Of the traditional types listed above, only preferred stock holdings are easily added to during upward interest rate movements, and cheap to take profits on when rates fall. The downside on all of these is their callability, in best-yield-first order. Wall Street loves these securities because they command the highest possible trading costs --- costs that need not be disclosed to the consumer, particularly at issue.
Unit trusts are traditional securities set to music, a tune that generally assures the investor of a higher yield than is possible through personal portfolio creation. There are several additional advantages: instant diversification, quality, and monthly cash flow that may include principal (better in rising rate markets, ya follow?), and insulation from year-end swap scams.
Unfortunately, the unit trusts are not managed, so there are few capital gains distributions to smile about, and once all of the securities are redeemed, the party is over. Trading opportunities, the very heart and soul of successful portfolio management, are practically non-existent.
What if you could own common stock in companies that manage the traditional income securities and other recognized income producers like real estate, energy production, mortgages, etc.? Closed end funds (CEFs), REITs, and royalty trusts demand your attention --- and don’t let the idea of “leverage” spook you.
AAA corporate bonds, and utility preferred stocks are “leverage”. The sacred 30-year treasury bond is “leverage”. Most corporations, all governments (and most private citizens) use leverage. Without leverage, most people would be commuting to work on bicycles.
Every CEF can be researched as part of your selection process to determine how much leverage is involved, and the benefits --- you’re not going to be happy when you realize what you’ve been talked out of.
CEFs, and the other investment company securities mentioned, are managed by professionals who are not taking their direction from the IRA & 401(k) mob. They provide you the opportunity to have a properly structured portfolio with a significantly higher yield, even after the management fees that are inside.
Certainly, a REIT or royalty trust is more risky than a CEF comprised of preferred stocks or corporate bonds, but here you have a way to participate in the widest variety of fixed and variable income alternatives in a much more manageable form.
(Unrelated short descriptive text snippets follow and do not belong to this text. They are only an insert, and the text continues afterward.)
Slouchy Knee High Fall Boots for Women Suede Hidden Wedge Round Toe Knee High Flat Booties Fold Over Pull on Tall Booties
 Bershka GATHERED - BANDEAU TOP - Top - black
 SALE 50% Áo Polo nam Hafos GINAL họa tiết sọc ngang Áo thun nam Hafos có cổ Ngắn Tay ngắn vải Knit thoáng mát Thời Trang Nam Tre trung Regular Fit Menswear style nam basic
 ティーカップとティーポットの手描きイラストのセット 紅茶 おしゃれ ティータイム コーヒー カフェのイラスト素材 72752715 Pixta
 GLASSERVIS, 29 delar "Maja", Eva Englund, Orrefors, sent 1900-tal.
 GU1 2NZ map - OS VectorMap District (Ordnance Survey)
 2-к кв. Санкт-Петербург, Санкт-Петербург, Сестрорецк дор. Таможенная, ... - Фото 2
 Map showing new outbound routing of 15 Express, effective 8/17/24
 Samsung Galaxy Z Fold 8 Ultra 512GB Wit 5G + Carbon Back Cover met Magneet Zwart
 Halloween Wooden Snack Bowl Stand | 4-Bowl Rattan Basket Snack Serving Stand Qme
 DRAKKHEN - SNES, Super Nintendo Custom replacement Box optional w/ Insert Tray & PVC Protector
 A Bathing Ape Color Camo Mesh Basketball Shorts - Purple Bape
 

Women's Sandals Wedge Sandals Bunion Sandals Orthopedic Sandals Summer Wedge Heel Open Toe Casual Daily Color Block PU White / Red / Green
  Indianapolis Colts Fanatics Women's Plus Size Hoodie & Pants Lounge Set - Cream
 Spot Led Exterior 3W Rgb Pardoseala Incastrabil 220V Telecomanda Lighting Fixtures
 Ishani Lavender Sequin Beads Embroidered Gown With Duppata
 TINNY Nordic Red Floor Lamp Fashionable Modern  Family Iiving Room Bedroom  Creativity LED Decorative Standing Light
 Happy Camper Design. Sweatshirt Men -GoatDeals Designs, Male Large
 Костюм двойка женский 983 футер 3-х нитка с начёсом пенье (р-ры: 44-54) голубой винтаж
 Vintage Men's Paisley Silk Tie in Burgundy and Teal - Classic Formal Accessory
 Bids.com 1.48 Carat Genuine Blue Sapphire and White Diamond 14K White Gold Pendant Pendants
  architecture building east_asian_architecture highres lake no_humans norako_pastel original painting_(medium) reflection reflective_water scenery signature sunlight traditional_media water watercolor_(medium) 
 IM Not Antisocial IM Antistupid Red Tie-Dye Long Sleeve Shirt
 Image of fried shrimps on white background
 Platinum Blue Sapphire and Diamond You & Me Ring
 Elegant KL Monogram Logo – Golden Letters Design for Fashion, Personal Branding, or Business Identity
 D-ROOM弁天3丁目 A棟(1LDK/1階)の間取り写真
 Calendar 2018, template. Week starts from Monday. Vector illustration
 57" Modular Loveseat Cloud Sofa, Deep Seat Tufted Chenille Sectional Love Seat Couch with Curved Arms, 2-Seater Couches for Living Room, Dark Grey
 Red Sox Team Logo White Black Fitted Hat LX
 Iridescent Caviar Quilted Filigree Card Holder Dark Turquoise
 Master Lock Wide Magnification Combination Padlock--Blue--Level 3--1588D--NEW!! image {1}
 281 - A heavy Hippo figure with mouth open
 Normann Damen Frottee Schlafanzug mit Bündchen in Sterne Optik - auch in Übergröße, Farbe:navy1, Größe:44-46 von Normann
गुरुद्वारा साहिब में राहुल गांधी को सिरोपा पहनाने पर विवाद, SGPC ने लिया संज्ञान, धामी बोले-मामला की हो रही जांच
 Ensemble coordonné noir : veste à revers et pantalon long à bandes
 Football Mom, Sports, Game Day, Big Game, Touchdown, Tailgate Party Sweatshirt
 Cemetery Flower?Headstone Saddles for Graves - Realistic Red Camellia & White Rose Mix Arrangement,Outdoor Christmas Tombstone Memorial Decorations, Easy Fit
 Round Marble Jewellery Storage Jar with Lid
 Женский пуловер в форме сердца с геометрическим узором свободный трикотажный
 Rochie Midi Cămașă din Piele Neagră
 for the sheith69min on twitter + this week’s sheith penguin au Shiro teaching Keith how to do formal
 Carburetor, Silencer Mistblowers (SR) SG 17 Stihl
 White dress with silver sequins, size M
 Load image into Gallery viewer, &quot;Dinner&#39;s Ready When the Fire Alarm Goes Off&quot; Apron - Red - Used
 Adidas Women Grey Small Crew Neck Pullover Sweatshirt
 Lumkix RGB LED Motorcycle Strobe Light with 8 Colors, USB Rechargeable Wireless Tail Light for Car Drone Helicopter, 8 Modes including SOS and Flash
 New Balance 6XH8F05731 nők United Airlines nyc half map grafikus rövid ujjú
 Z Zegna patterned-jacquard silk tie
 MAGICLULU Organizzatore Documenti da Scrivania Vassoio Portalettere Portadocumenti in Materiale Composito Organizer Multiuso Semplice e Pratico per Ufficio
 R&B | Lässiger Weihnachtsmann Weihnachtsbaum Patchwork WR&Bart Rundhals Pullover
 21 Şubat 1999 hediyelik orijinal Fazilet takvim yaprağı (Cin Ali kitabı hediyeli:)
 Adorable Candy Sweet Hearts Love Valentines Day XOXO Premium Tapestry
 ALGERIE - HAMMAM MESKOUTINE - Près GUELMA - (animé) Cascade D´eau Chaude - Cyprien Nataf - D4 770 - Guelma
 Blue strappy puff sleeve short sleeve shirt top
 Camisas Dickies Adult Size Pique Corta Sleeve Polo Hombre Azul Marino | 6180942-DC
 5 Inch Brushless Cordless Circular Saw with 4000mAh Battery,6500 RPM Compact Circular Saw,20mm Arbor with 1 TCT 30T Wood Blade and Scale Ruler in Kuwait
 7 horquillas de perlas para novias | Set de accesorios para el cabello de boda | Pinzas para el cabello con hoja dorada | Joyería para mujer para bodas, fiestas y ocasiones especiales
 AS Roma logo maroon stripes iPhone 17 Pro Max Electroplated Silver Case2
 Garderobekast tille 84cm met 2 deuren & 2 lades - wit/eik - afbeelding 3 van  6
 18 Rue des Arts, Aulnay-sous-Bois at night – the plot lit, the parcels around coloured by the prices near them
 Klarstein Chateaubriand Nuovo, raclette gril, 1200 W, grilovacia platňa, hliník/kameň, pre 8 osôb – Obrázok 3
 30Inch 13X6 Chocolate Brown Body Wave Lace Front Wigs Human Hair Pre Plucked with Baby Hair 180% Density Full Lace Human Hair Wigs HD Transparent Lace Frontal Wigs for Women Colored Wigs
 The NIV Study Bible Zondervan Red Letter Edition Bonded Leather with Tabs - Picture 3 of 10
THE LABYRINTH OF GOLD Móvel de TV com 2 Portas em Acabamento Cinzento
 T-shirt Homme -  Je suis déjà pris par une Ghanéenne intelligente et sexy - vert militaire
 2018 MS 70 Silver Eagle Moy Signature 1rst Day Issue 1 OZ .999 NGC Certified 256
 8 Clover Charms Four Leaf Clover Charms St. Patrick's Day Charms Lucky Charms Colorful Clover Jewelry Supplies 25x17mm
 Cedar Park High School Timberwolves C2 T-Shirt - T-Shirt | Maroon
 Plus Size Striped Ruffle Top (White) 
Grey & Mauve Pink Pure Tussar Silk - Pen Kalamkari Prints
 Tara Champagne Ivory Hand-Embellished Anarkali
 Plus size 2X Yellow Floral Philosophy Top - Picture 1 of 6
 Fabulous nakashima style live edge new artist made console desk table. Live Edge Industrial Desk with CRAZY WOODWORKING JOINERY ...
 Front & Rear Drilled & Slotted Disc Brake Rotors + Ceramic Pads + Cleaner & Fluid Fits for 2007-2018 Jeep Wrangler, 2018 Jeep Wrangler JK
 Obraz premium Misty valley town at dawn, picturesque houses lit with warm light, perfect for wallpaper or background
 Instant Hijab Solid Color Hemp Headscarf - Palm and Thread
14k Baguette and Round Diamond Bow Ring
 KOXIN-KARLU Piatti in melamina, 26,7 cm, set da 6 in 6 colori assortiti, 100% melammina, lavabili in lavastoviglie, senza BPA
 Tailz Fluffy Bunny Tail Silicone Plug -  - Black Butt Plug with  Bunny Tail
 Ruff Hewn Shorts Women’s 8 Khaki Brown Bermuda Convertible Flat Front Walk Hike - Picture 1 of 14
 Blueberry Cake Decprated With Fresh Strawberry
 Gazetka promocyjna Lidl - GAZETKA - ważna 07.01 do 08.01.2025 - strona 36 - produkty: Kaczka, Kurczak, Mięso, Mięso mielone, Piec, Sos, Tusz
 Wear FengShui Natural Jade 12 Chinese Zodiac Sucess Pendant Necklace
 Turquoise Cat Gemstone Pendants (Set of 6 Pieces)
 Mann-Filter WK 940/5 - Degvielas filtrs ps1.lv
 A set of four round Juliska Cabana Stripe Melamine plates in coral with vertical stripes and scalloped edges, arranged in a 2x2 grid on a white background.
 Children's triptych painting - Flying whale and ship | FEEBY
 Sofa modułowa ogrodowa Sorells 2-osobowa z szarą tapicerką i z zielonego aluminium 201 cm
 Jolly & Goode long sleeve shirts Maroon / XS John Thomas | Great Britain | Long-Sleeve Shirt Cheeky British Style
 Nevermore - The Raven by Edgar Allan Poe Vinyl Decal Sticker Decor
When prices rise, profit taking is routine in a liquid market; when prices fall, you can add to your position, increasing your yield and reducing your cost basis at the same time.
Now don’t start to salivate about the prospect of throwing all your money into real estate and/or gas and oil pipelines. Diversify properly as you would with any other investments, and make sure that your living expenses (actual or projected) are taken care of by the less risky CEFs in the portfolio.
In bond CEFs, you can get un-leveraged portfolios, and state specific municipal portfolios, etc, plus monthly income (frequently augmented by capital gains distributions) at a level that is most often significantly better than your broker can obtain for you. I told you that you’d be angry!
Another feature of investment company shares (and please stay away from gimmicky, passively managed, or indexed types) is somewhat surprising and difficult to explain. The price you pay for the shares frequently represents a discount from the market value of the securities contained in the managed portfolio.
So instead of buying a diversified group of illiquid individual securities at a premium, you are reaping the benefit of a portfolio of (quite possibly) the same securities at a discount. Additionally, and unlike regular mutual funds that can issue as many shares as they like without your approval, CEFs will give you the first shot at any additional shares they intend to distribute to investors.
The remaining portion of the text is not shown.